Hurricanes, floods, droughts, wildfires and other severe weather events have become more frequent, destructive and costly. In 2021 alone, the United States sustained 20 weather events with losses exceeding $1 billion each.1  As weather-related damages go up, so does the cost of insurance overall. Insurers typically adjust rates on a state-by-state basis based on actual and anticipated weather-related losses.

 

Rising Material Costs

 

Another key consideration when pricing homeowners coverage is the cost to repair or rebuild a home in the event of a loss. These costs have risen significantly during the pandemic because of:

 

  • A general increase in demand for home renovations.
  • A general increase in demand for new construction.
  • Supply chain disruptions in the United States and around the world.

 

These factors combined have led to limited supplies and inflated prices for most building materials. Consider this sampling of price increases as of October 2021:

 

  • Material goods for new residential construction are up 18.6% over the past year.2
  • Lumber and wood products are up 6.2%.3
  • Asphalt roofing materials are up 16.3% over last year.4
  • As building costs go up, so does the cost to repair or replace homes damaged by covered losses.

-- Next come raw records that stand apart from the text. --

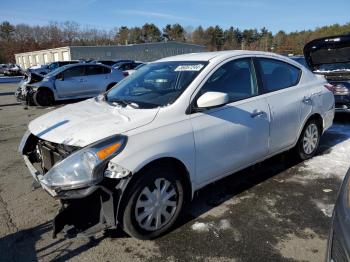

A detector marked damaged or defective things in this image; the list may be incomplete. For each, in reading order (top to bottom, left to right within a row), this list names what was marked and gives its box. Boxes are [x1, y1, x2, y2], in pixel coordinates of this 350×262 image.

damaged white sedan [18, 50, 334, 239]
collision damage [304, 34, 350, 112]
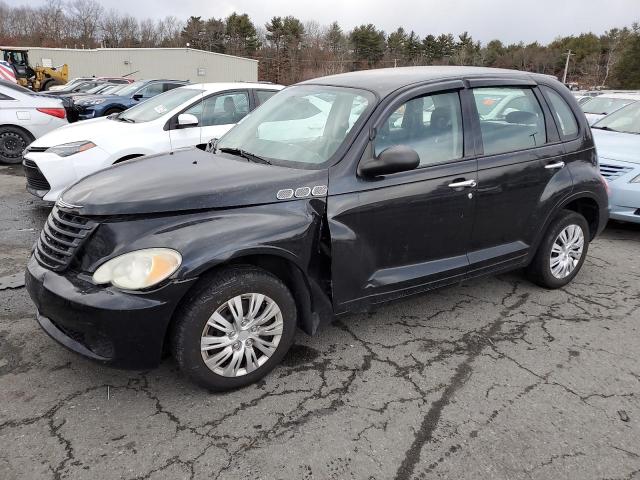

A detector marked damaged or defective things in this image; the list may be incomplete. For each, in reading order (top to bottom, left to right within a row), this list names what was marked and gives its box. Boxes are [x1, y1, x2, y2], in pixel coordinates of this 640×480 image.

cracked asphalt [1, 163, 640, 478]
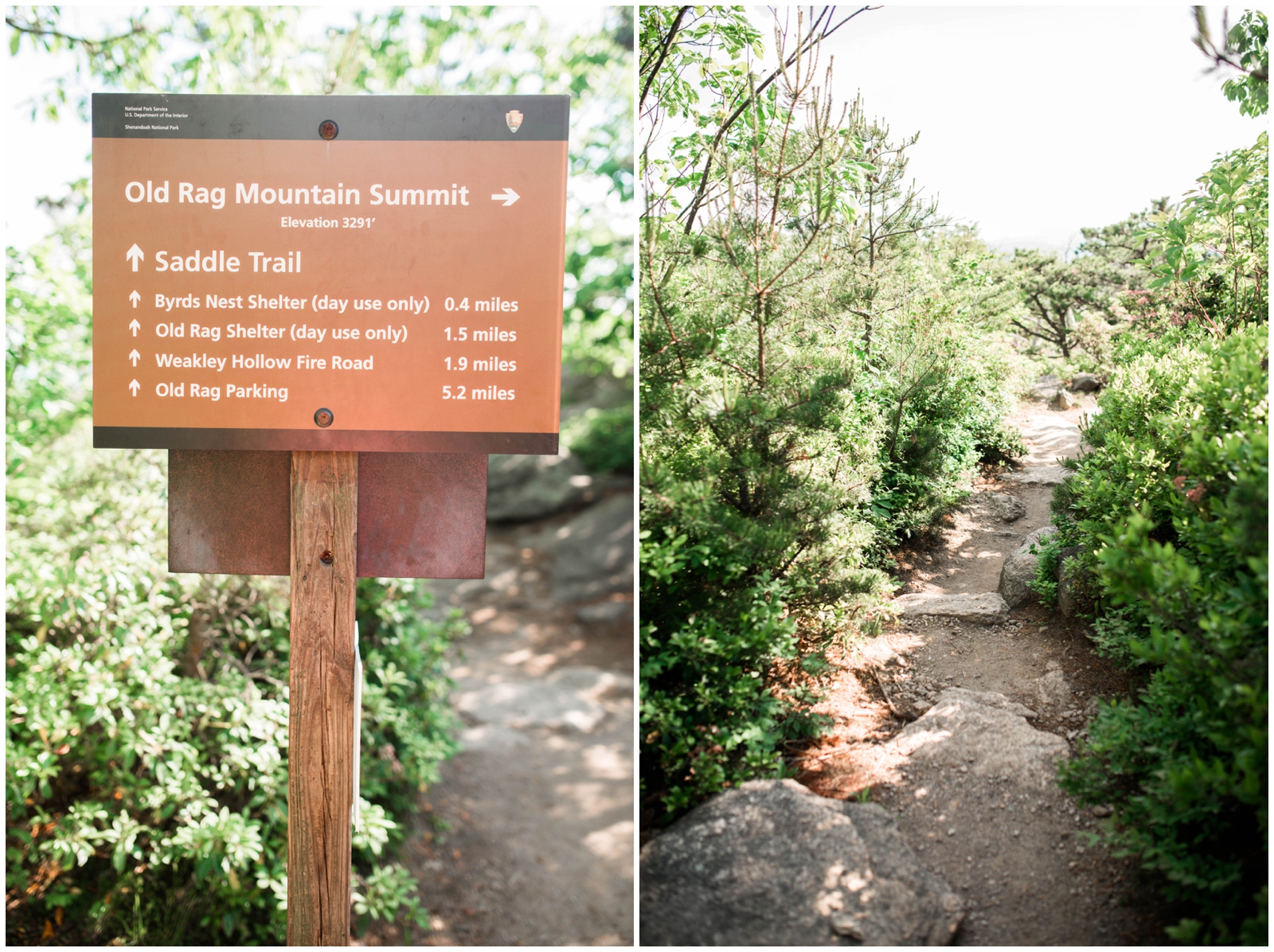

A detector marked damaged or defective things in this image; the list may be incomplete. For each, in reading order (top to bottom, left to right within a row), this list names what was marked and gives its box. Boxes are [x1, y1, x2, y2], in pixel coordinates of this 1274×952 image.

rusted metal plate [169, 447, 487, 575]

Job Openings in Skilled Labor

 

New home and renovation projects may be surging, but the construction industry is facing a skilled labor challenge. The sector had 358,000 job openings as of August 2021,5  more than twice the projected number of annual openings.6

Factors Impacting Your Homeowners Rate You May Be Able to Control

 

Current market conditions that affect your insurance premiums may be out of your control, but there are steps you can take to help keep the cost of your homeowners coverage in check.

 

  • Take steps to prevent losses. Be sure to check with your agent about any savings you might qualify for as a result of the preventative measures you take. For example, Travelers offers insurance premium discounts for smoke detectors, fire alarms, water sensors, interior sprinkler systems and smart home protection devices.
  • Review your insurance. Ask your insurance agent to review your current coverage to ensure you’re getting the customized protection you need. Make sure all home improvements are accounted for. Cancel or reduce coverage you no longer need.
  • Increase your deductible. A higher deductible will likely reduce your premium. Just remember to have enough savings to cover your deductible should you experience a loss.
  • Bundle your coverage. Travelers offers discounts when you purchase more than one policy with them. Home and auto are commonly bundled for a discount, but discounts may also apply to boat, valuables and personal umbrella protection and other specialty coverages. Learn about the multi-policy insurance discounts that Travelers offers.
  • Look for customer retention programs. Travelers offers premium discounts, or credits to long-term customers. For example, the Travelers Decreasing Deductible®* program applies a $100 credit each year toward your deductible. This credit is earned at your annual renewal date even if you have a loss.